Try www.allpredatorcalls.com , I hear they loose a lot of the strings, but are still a good suit for the money.


----------



## El Gato Loco

AP over @ AllPredatorCalls.com sent us 2 of these suits to give away on the site. I'll have to come up with something creative....


----------



## youngdon

I'll be looking forward to that contest.


----------



## ReidRH

Sounds Great!! I need a New One!! LOL


----------



## ReidRH

Maybe a New Member Drive where the New Member puts the Person that introduced them to the site on their first post!


----------



## knapper

I made mine a some years ago and have not used it yet, I don't, at least not yet called in the time of year for what it is.
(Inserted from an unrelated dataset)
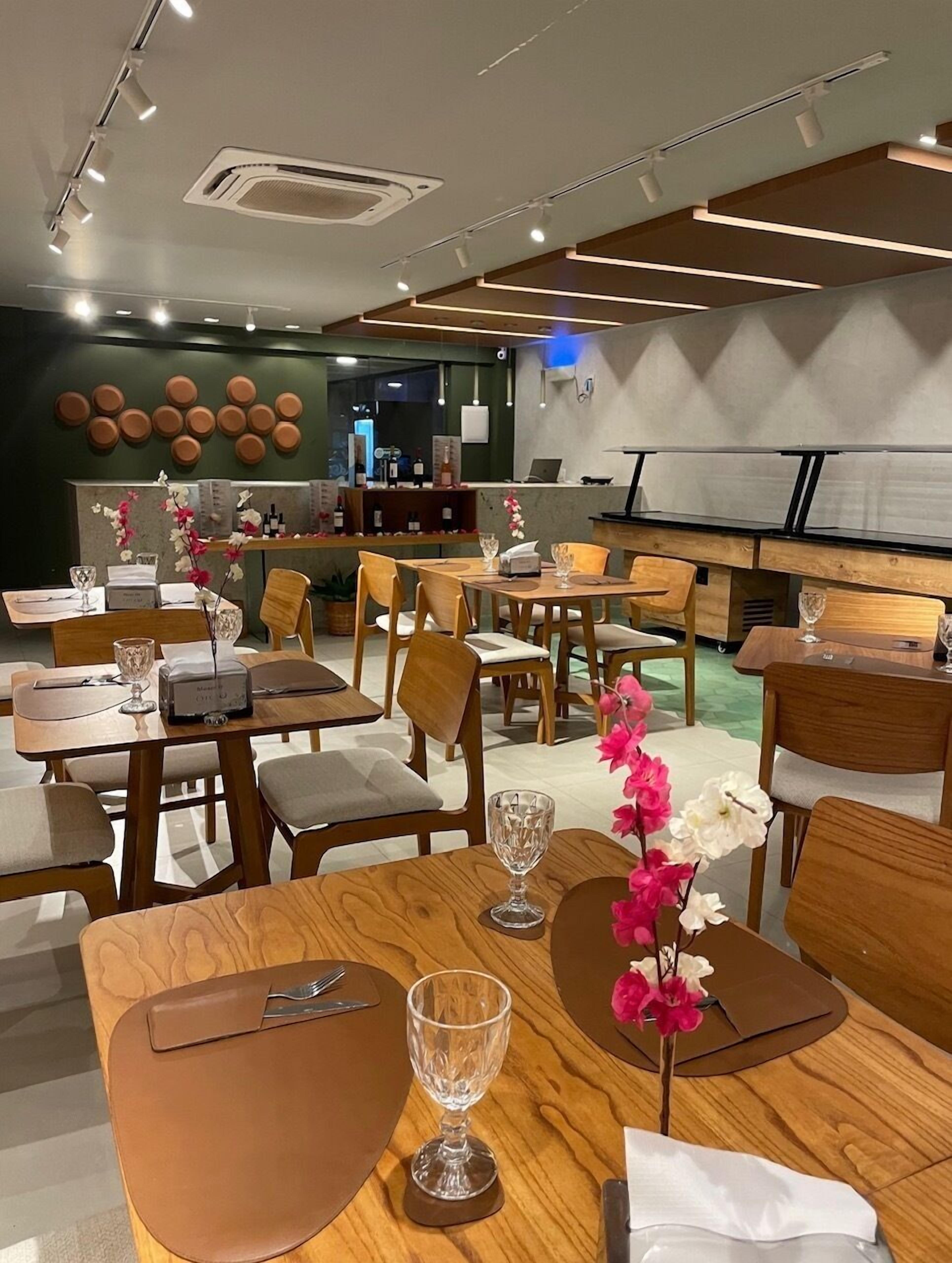Un restaurante moderno con mesas y sillas de madera, una zona de bar y elementos decorativos en las paredes.
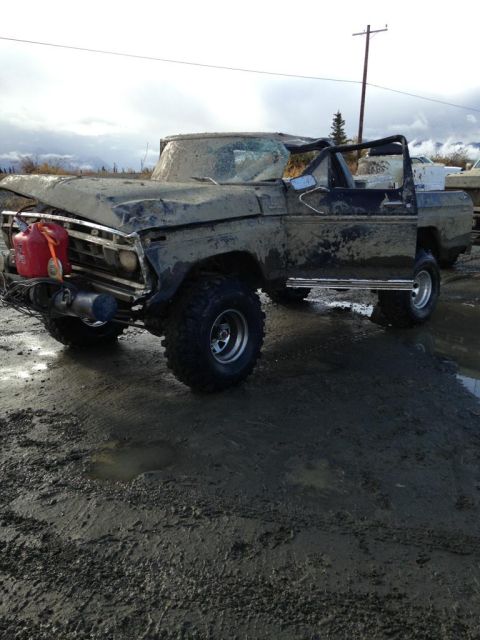 1990 Ford F-250 - This heavily damaged truck is covered in mud, with a gas can mounted on the front bumper.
I do have over whites I use most of the time. I have snow pants that are white and glow like a Chrstmas tree in UV light I need to put some UV blocker on them before I use them this year. My ghillie suit was made following instructions in a book. You can get kits and do the labor yourself and they are not too expensive.


----------



## hassell

Chris Miller said:


> AP over @ AllPredatorCalls.com sent us 2 of these suits to give away on the site. I'll have to come up with something creative....


 Make sure you get one that can used as a truck cover, that way no know one knows where you parked it!!


----------



## RoughNeck

I have seen them at Gander MTN for around 100-300 just depends on what you get and where your gonna be using them I guess, Never had one but would like to try it out just to see if it works or not


----------